▼

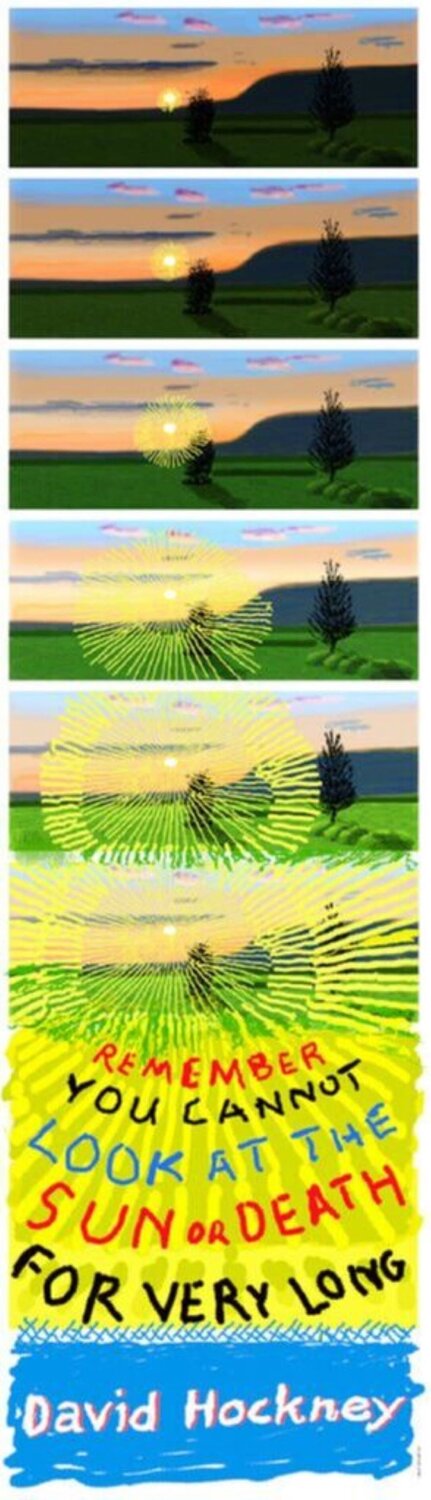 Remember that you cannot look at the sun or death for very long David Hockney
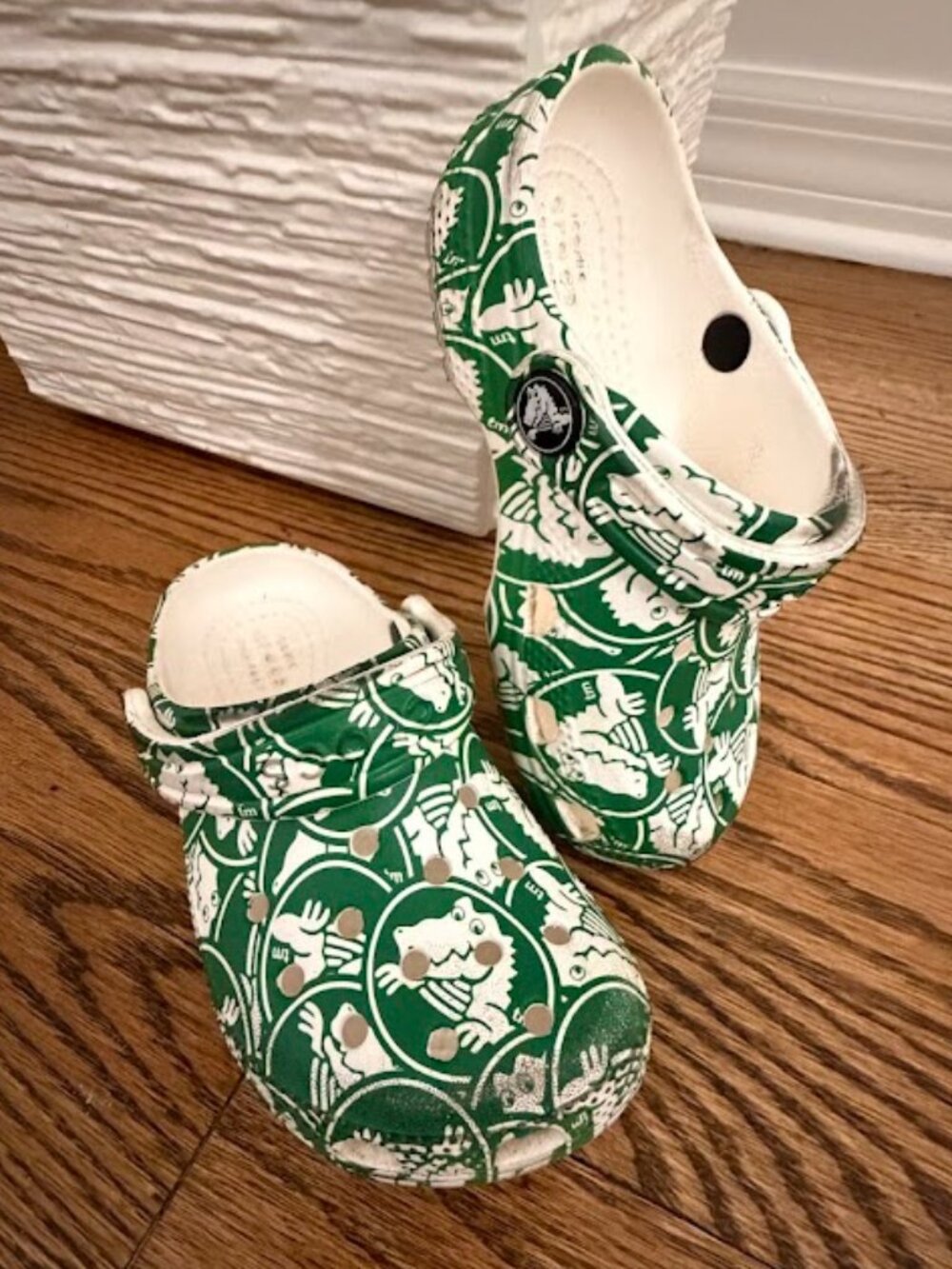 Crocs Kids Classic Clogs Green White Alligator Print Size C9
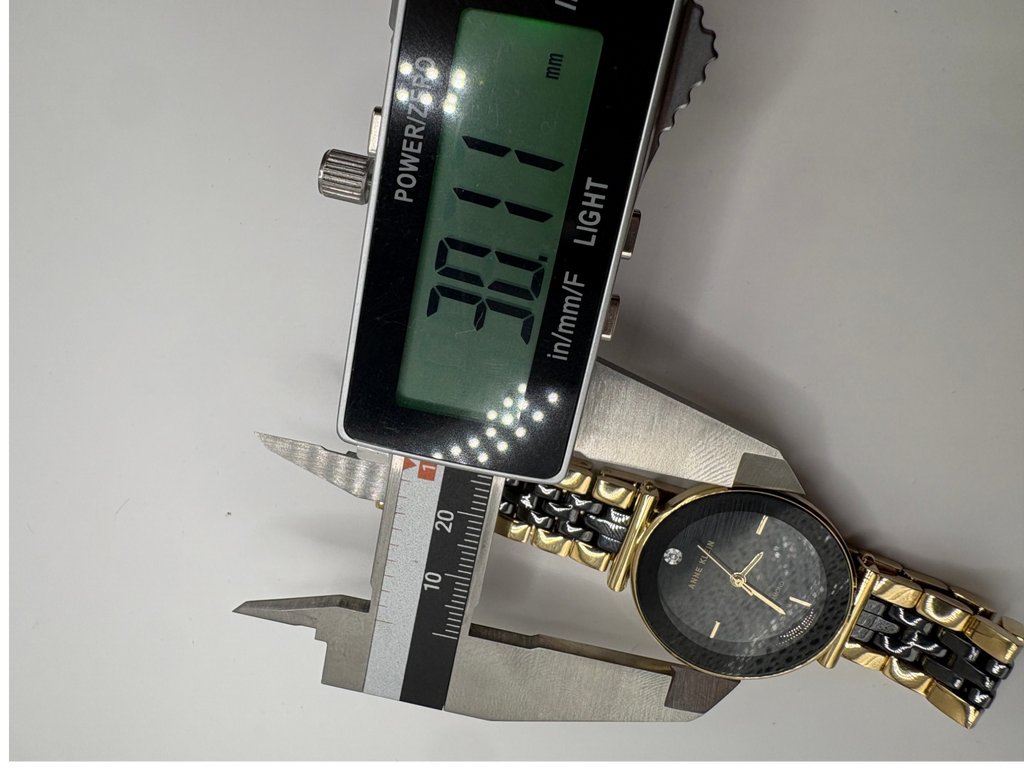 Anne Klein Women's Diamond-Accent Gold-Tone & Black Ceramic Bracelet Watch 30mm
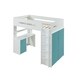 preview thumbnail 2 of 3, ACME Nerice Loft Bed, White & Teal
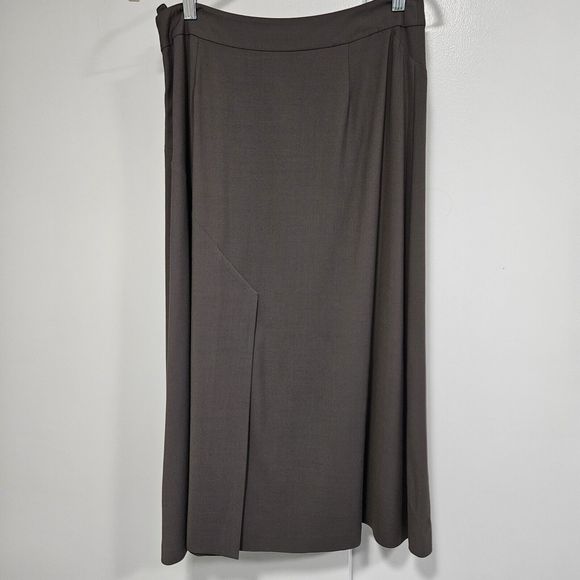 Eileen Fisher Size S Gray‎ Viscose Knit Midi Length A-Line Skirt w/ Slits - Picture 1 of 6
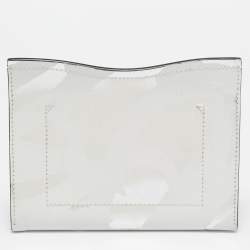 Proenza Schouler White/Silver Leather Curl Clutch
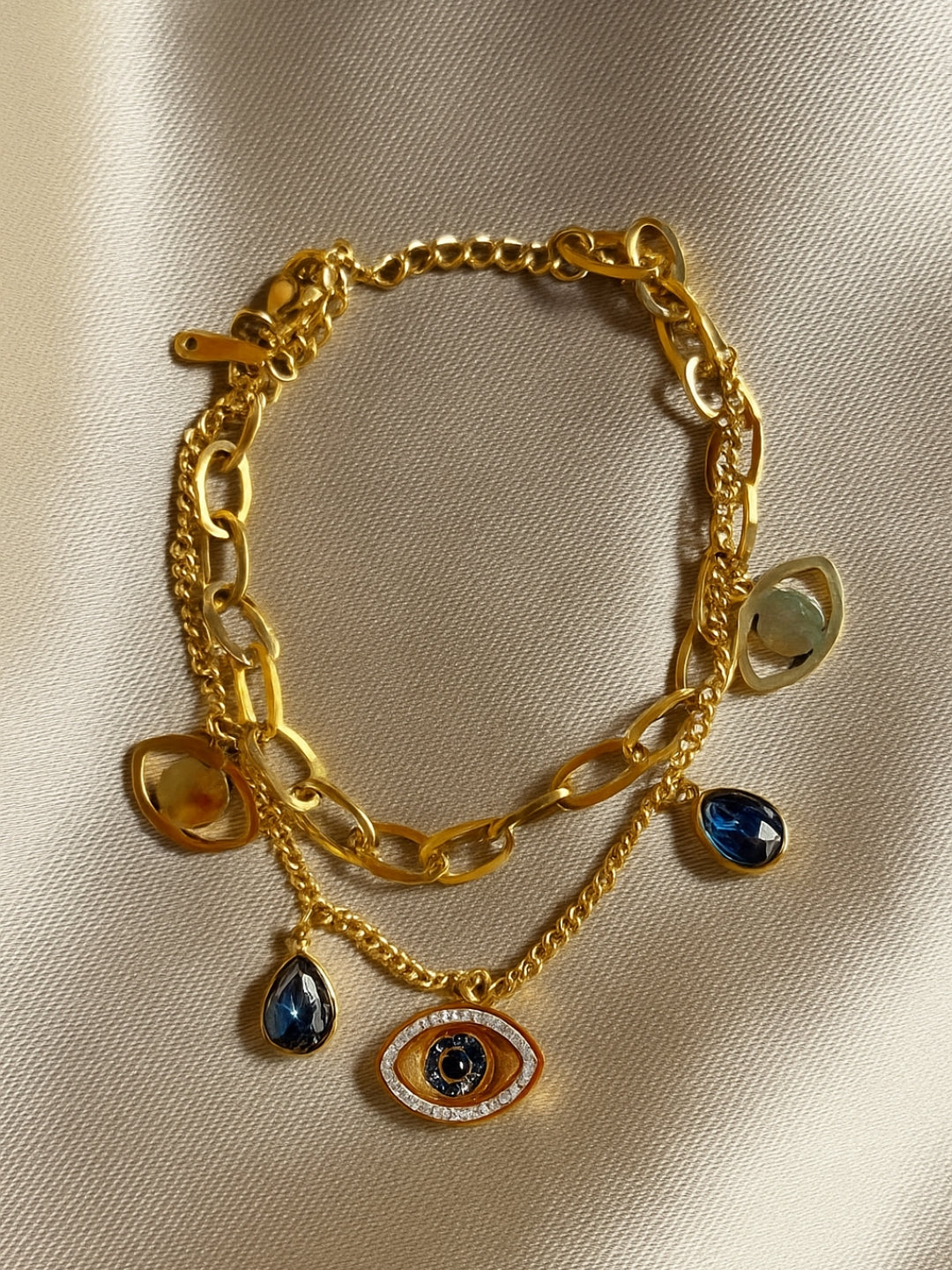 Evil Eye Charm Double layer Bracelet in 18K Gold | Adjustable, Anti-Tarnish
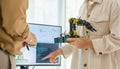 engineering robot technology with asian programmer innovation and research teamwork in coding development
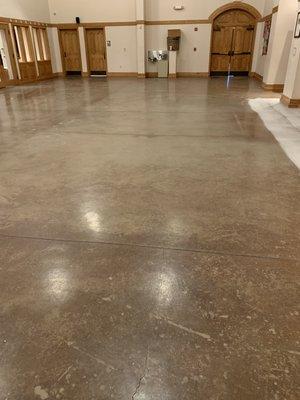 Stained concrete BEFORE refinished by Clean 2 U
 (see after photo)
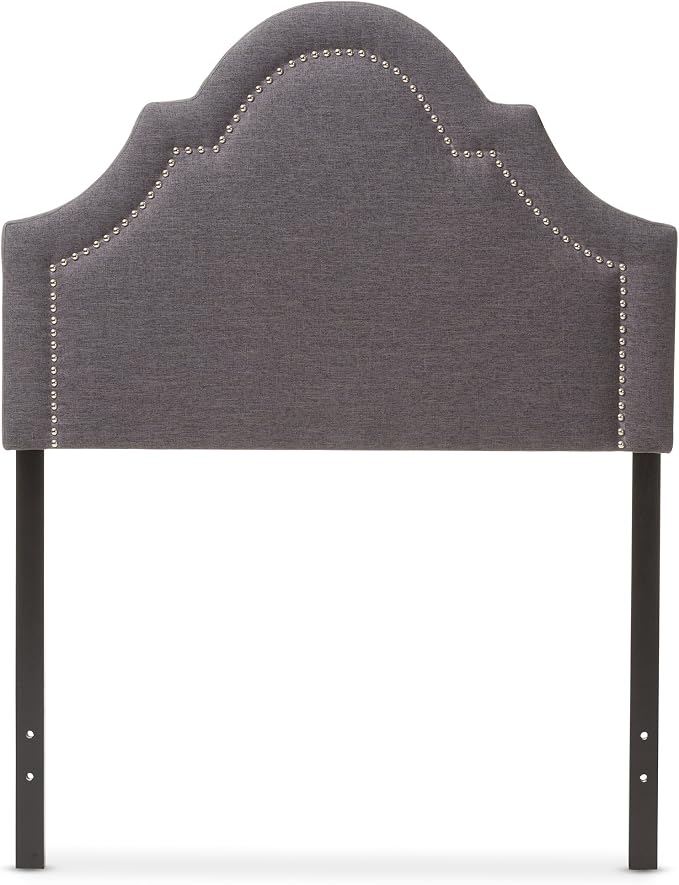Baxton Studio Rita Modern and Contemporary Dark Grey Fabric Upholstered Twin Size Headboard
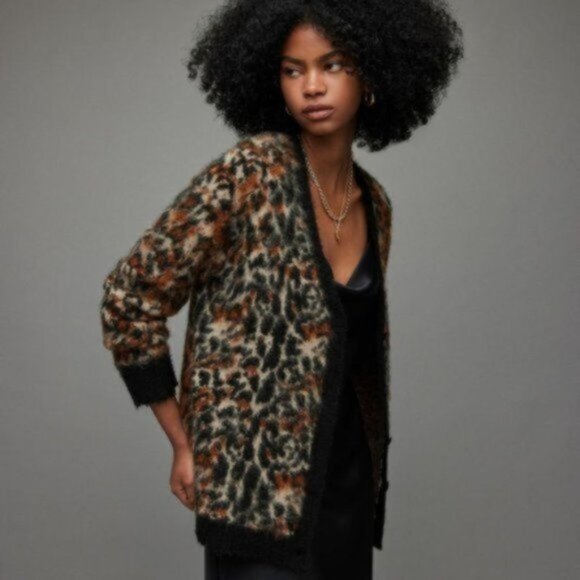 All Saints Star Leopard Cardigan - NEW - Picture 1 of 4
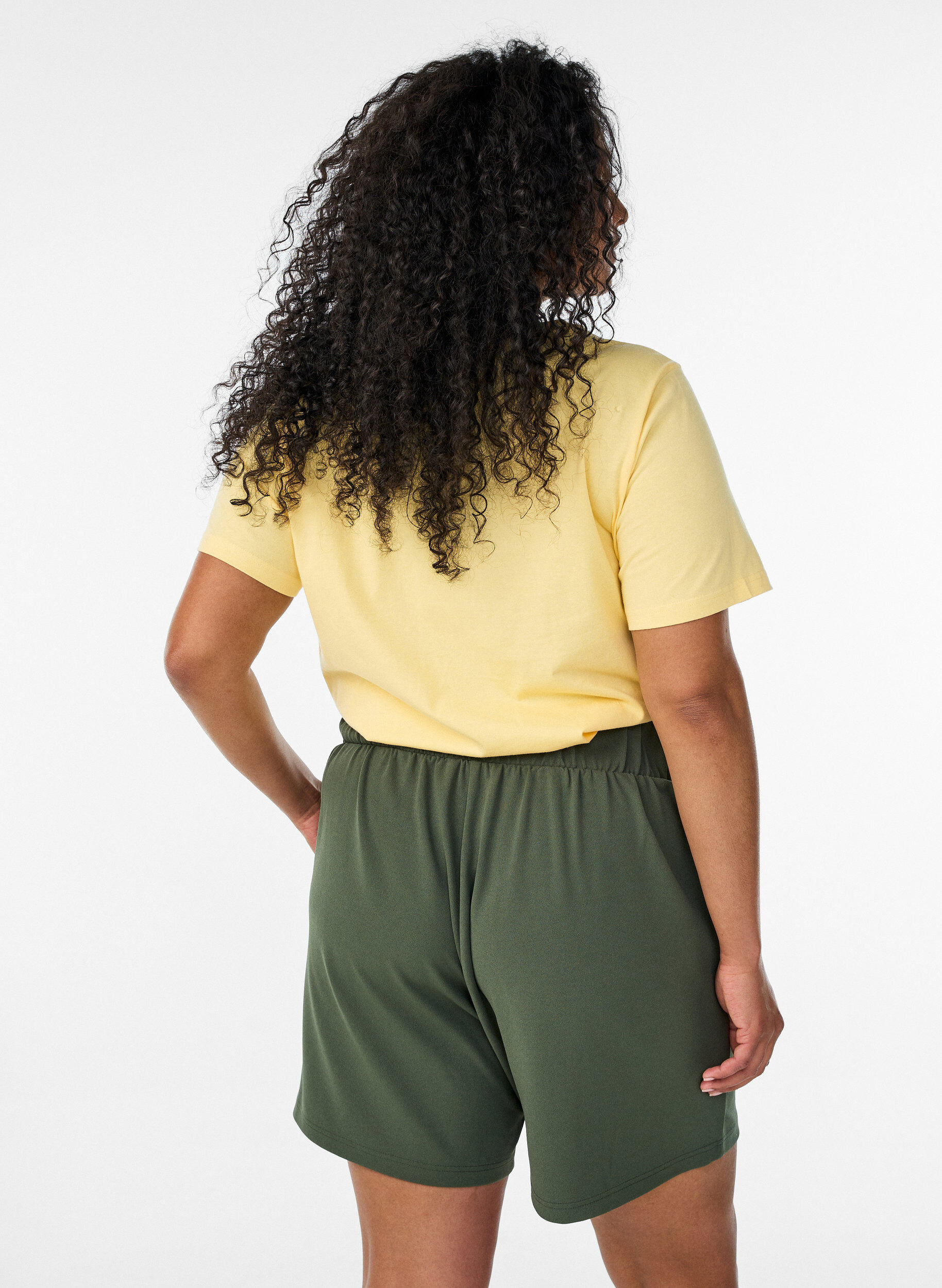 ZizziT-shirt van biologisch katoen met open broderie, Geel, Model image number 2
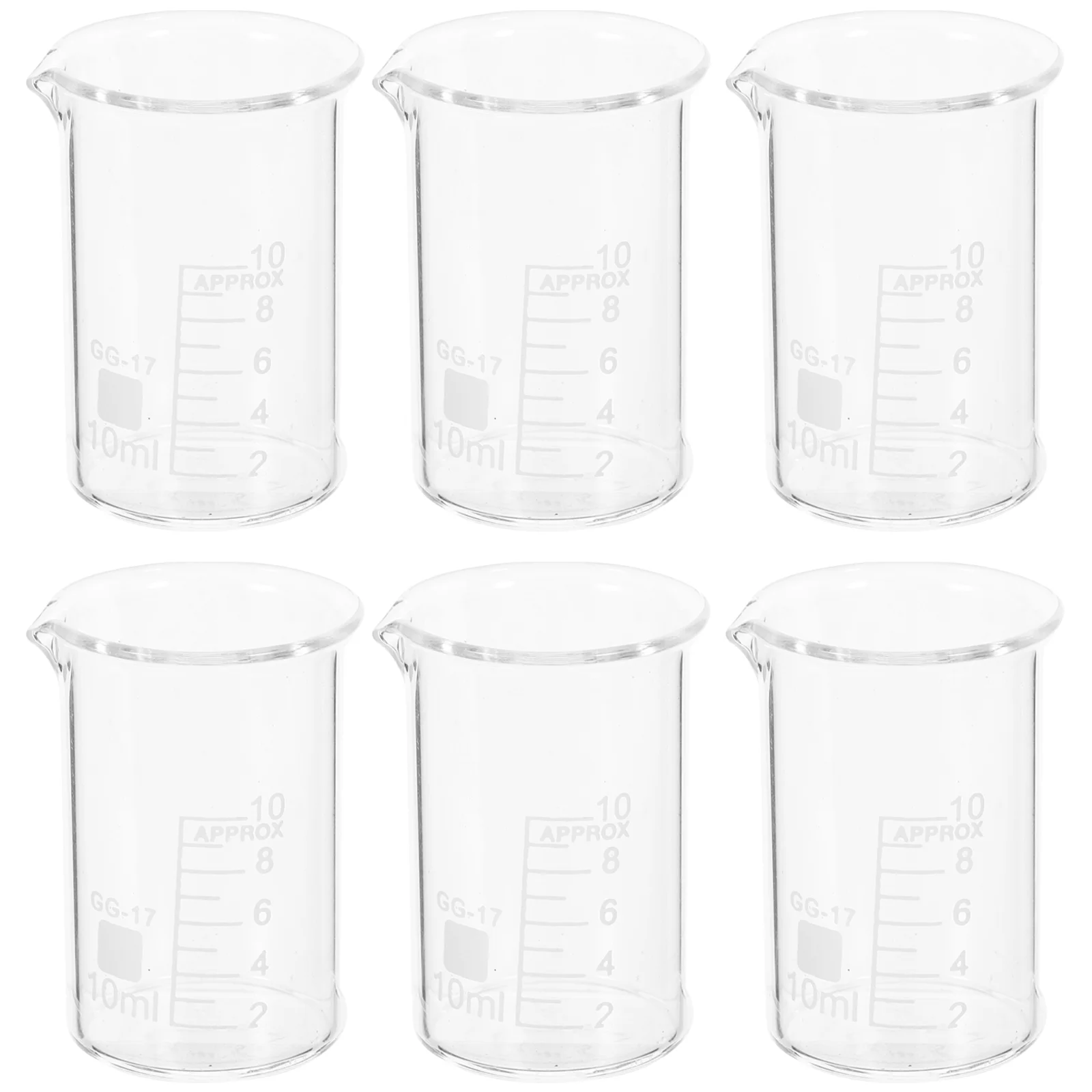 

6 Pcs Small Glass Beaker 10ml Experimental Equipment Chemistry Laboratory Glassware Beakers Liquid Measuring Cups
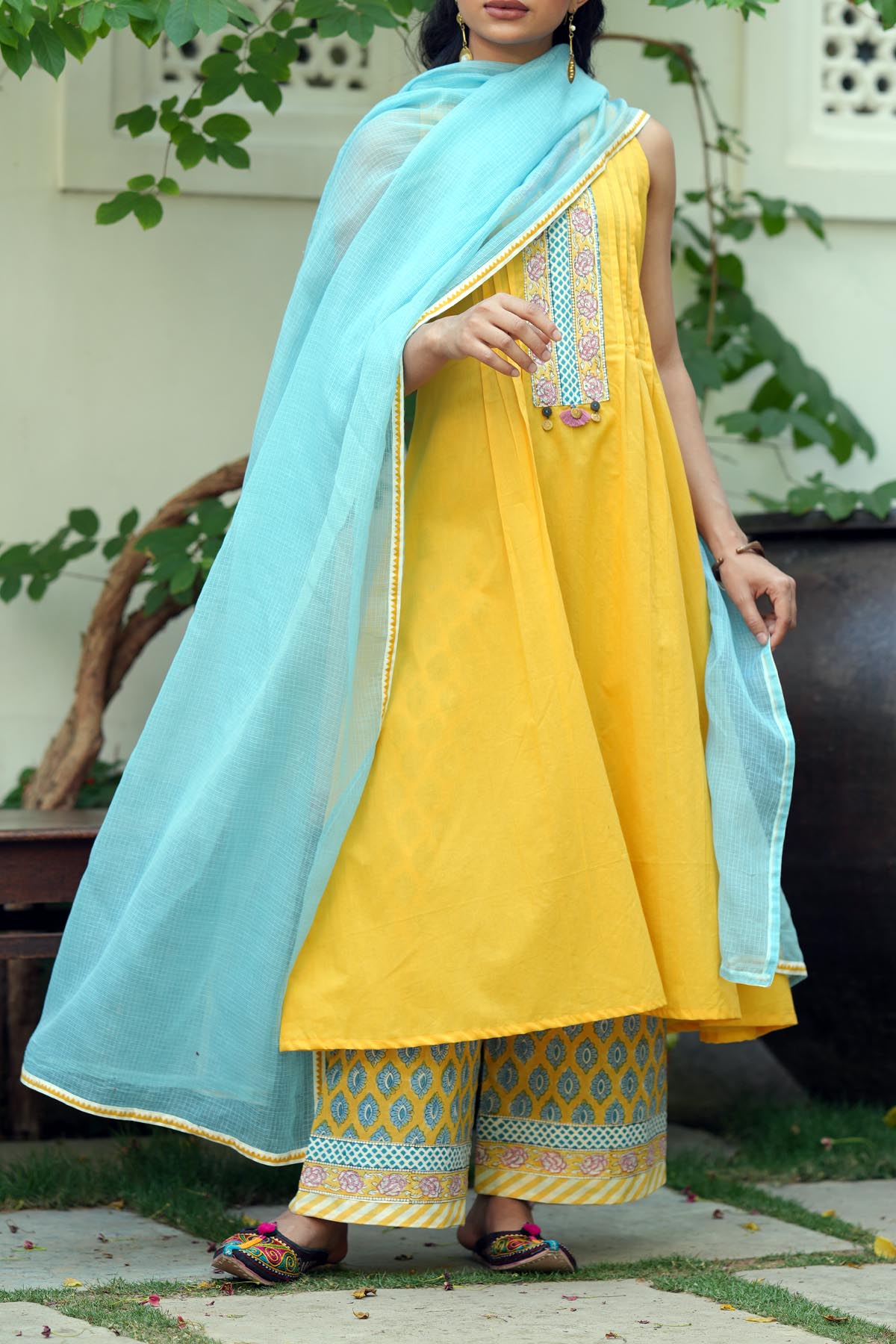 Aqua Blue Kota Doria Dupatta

▲

- WHAT TO DO -
The response should reproduce all the material above exactly and leave out its pictures.

- ANSWER TO THIS TASK -
 Remember that you cannot look at the sun or death for very long David Hockney
 Crocs Kids Classic Clogs Green White Alligator Print Size C9
 Anne Klein Women's Diamond-Accent Gold-Tone & Black Ceramic Bracelet Watch 30mm
 preview thumbnail 2 of 3, ACME Nerice Loft Bed, White & Teal
 Eileen Fisher Size S Gray‎ Viscose Knit Midi Length A-Line Skirt w/ Slits - Picture 1 of 6
 Proenza Schouler White/Silver Leather Curl Clutch
 Evil Eye Charm Double layer Bracelet in 18K Gold | Adjustable, Anti-Tarnish
 engineering robot technology with asian programmer innovation and research teamwork in coding development
 Stained concrete BEFORE refinished by Clean 2 U
 (see after photo)
Baxton Studio Rita Modern and Contemporary Dark Grey Fabric Upholstered Twin Size Headboard
 All Saints Star Leopard Cardigan - NEW - Picture 1 of 4
 ZizziT-shirt van biologisch katoen met open broderie, Geel, Model image number 2

6 Pcs Small Glass Beaker 10ml Experimental Equipment Chemistry Laboratory Glassware Beakers Liquid Measuring Cups
 Aqua Blue Kota Doria Dupatta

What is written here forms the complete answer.